Cash payments meant to help poor rural Indonesian families also appear to deliver environmental benefits, according to researchers who found a 30 percent reduction in deforestation near villages that participated in the government’s Program Keluarga Harapan (PKH).
The program, which translates as the “Family Hopes Program,” began in rural villages in 2008. Poor families receive cash to supplement their incomes provided they meet conditions, like health and education goals. The cash amounts to between 15 and 20 percent of what a participating family needs, and typically lifts them above the poverty line in the years they receive their quarterly PKH payments.
Indonesia never linked PKH to environmental goals like biodiversity protection or deforestation prevention in any explicit policy decision. Yet the research from Paul Ferraro, a Johns Hopkins University professor of human behavior and public policy, finds there indeed is a causal link between the payments and the drop in deforestation around the participating villages – one that suggests the possibility of future programs specifically designed to protect ecosystems while reducing poverty.
Ferraro and co-author Rhita Simorangkir of the National University of Singapore evaluated the program using data from 7,468 rural forested villages that were part of PKH from 2008 and 2012. All told, they included 266,533 households that received the conditional cash transfers.
They combined data on annual forest cover loss with data on how the program was phased in across villages, using methods that ruled out other factors impacting the forests to demonstrate the clear link between the forests and PKH. Their work was published Friday in the journal Science Advances.
What they found was that the quarterly cash transfers provided enough of a safety net in rural villages to keep their residents from turning toward the adjacent forest resources in order to weather economic adversity.
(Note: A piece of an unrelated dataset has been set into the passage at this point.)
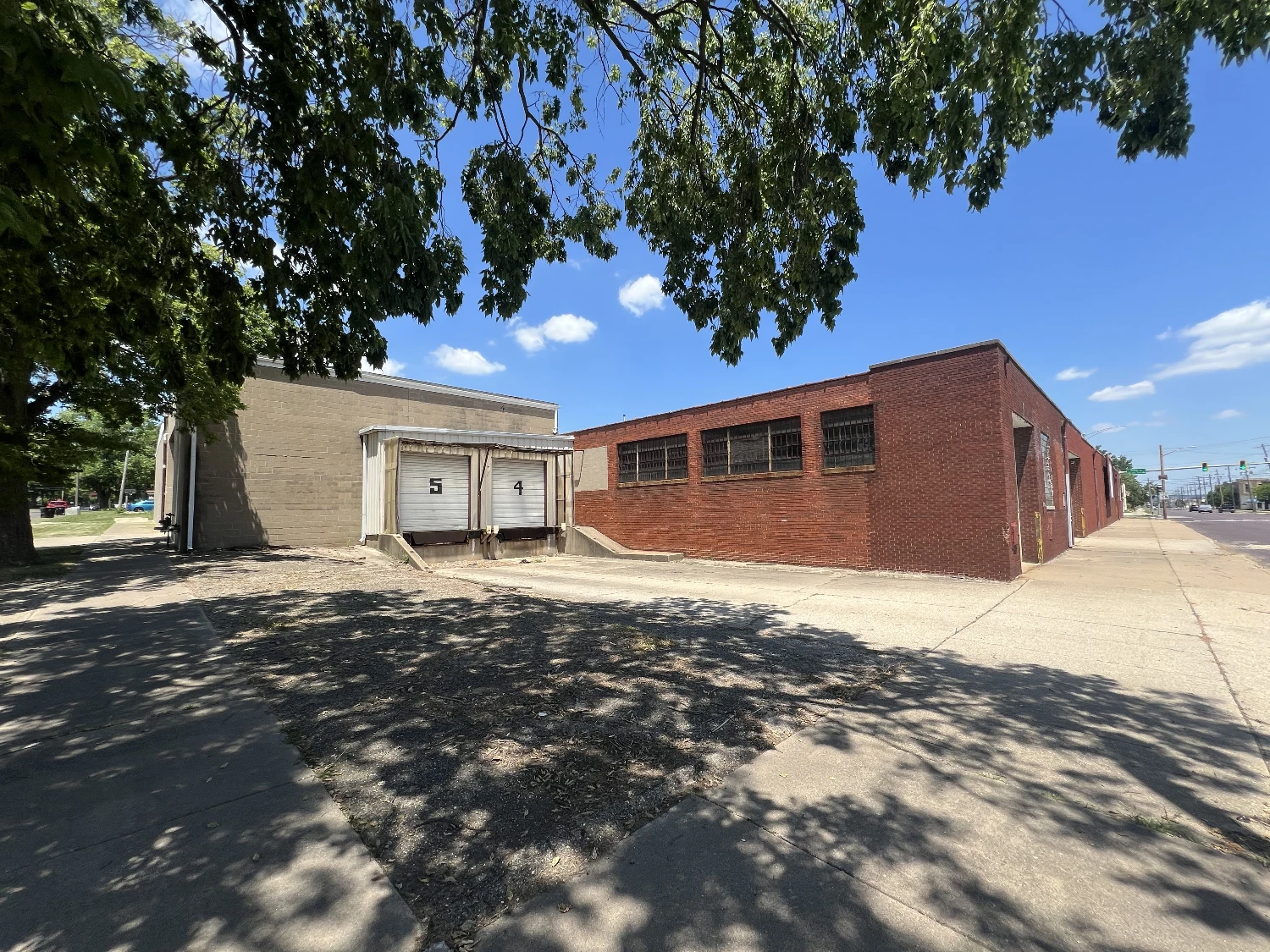 1215 NE Adams St, Peoria, IL for sale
“As in other nations, deforestation in Indonesia serves as an investment in insurance (or a coping strategy) against weather shocks: when the rice season rains are delayed, poor farmers anticipate lower yields and deforest more land to compensate for the higher probability of a negative consumption shock,” the authors wrote. “PKH is most effective at reducing deforestation in years when a village experiences negative rainfall shocks, a pattern consistent with transfers acting as a consumption smoothing mechanism.”
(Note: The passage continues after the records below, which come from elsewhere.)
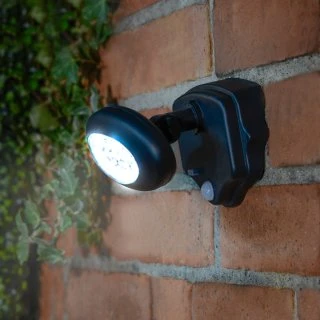 Eveready Solar Powered Security Light 3 Eveready Solar Powered Security Light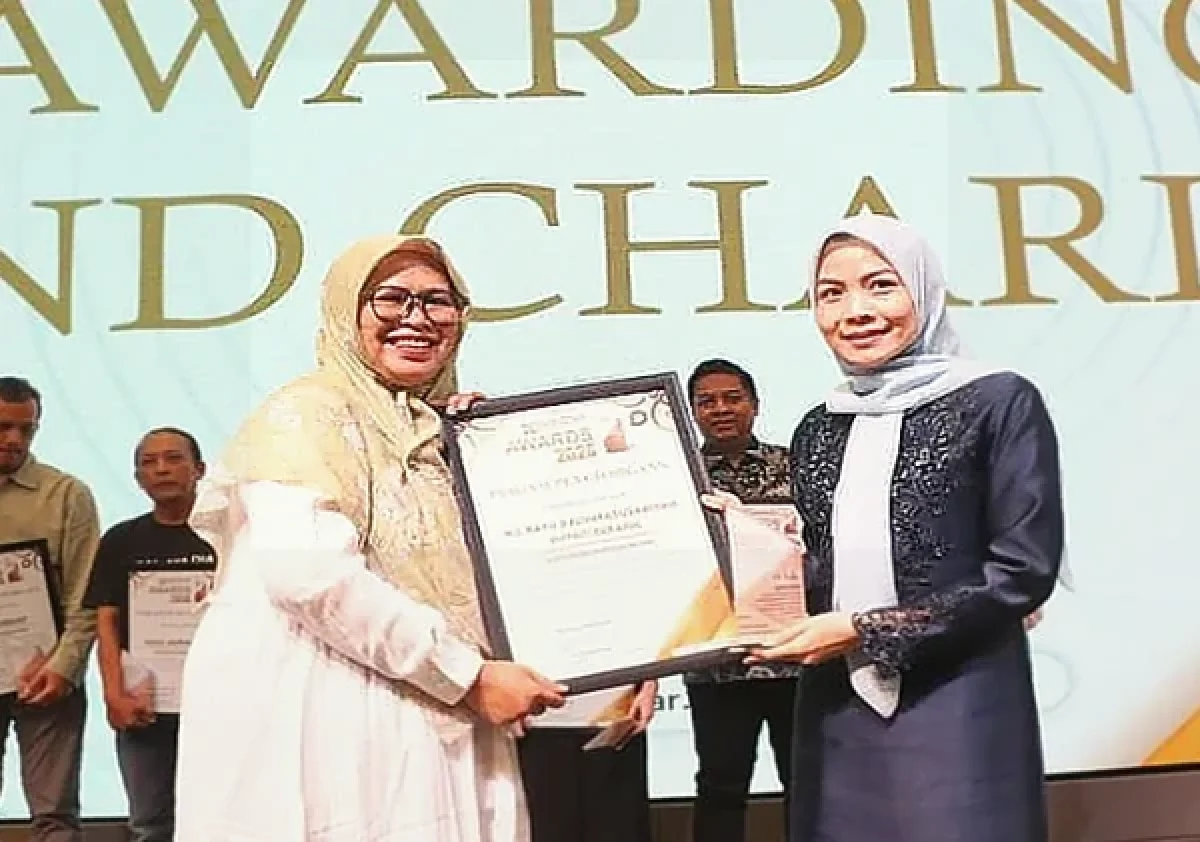 Bupati Serang Ratu Rachmatuzakiyah Raih Penghargaan Kepala Daerah Inovatif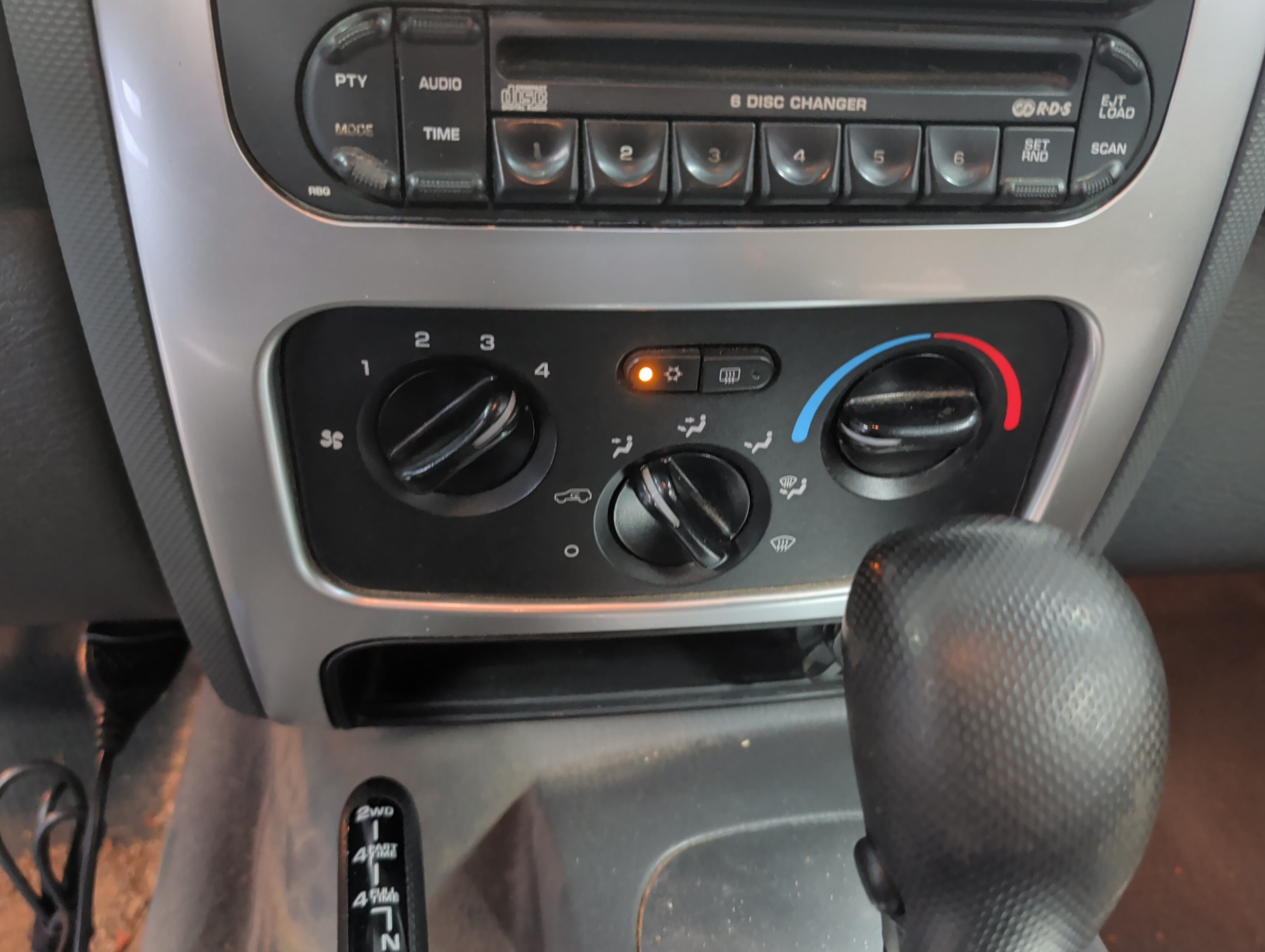 2007 jeep liberty limited-4wd with 169092 miles for sale near elk-river, minnesota 106389_40_climate_control.jpg
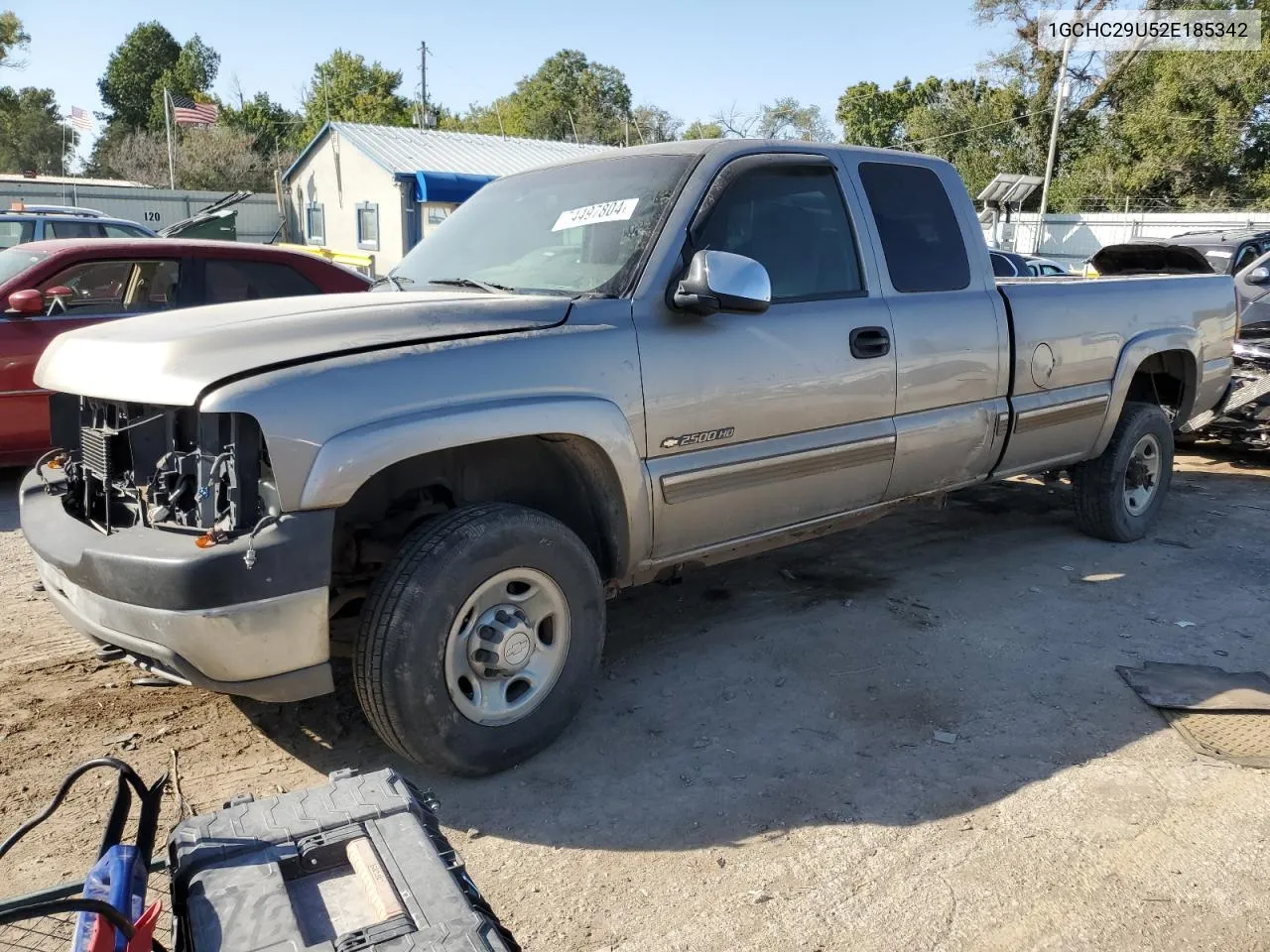 2002 Chevrolet Silverado C2500 Heavy Duty VIN: 1GCHC29U52E185342 Lot: 74497804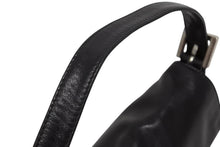 Load image into Gallery viewer, FENDI フェンディ マンマバケット ワンショルダーバッグ ブラック レザー シルバー金具 美品 中古 4b011548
Simorangkir and Ferraro identified a second reason the cash protected nearby forests: consumers were able to turn to markets to buy the things they needed rather than relying on deforestation for goods. There also may be other factors at play, such as the role PKH plays in making migration possible for some family members, which leads to more cash infusions in the remittances sent back to the home village along with less pressure on the local labor market and economy.
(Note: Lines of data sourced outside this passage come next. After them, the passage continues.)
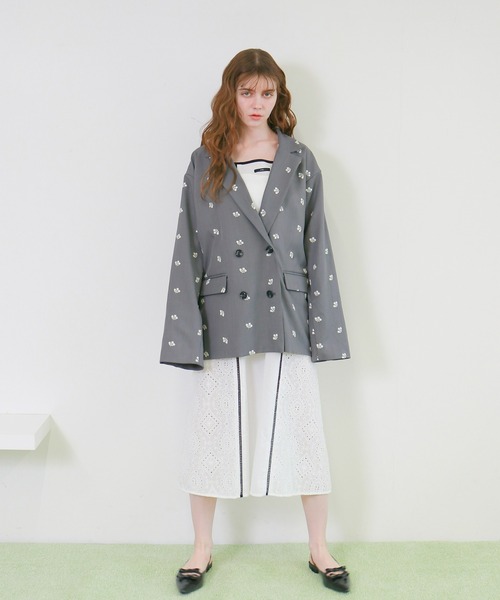 mic by Olu.(ミックバイオルドット)の「< ZOZOTOWN限定 >フラワーエンブロイダリ―ジャケット(テーラードジャケット・レディース・グレー/ブラック・FREE)」の6枚目の写真
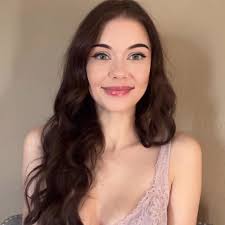 Emily Cheek's Instagram, Twitter & Facebook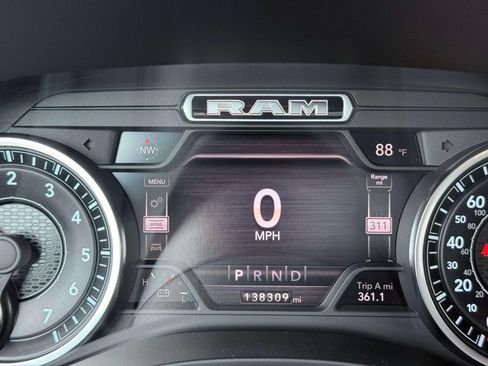 Used 2020 RAM 1500 Big Horn AWD/4WD image 19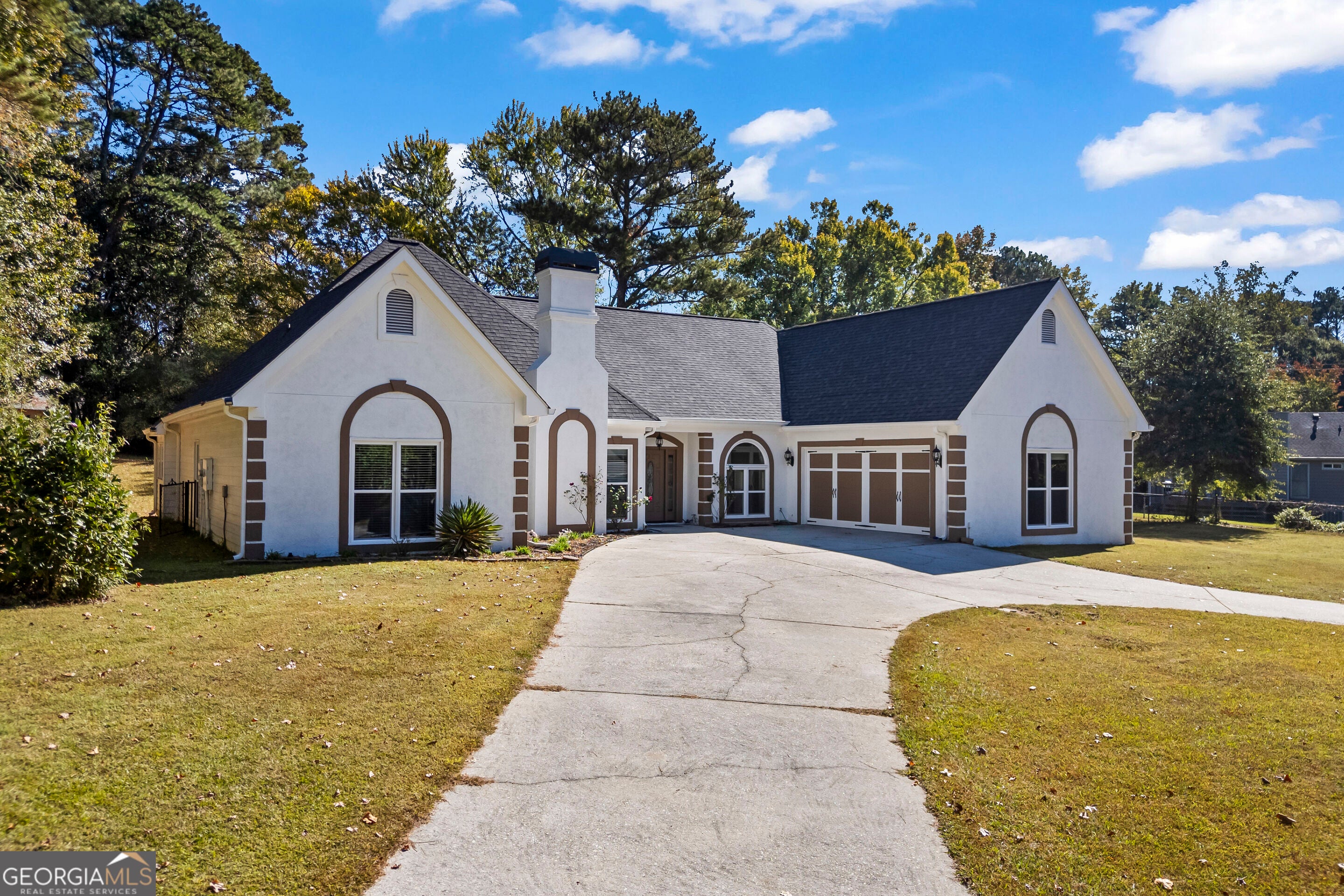 1851 Thousand Oaks LN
Ultimately, they estimate that PKH funds delivered a deforestation benefit that’s in a comparable range to programs that are entirely environmental in focus and often criticized for failing to benefit the poor. What the authors hope is that their Indonesia research makes clear that it is possible to protect forests and people at the same time.
“Does reducing poverty have unavoidable environmental costs? In Indonesia, we find evidence that, under some conditions, the answer to this question is ‘No,’” concluded the authors. “Moreover, the mechanisms through which the program appears to have achieved its environmental impact are not unique to Indonesia.”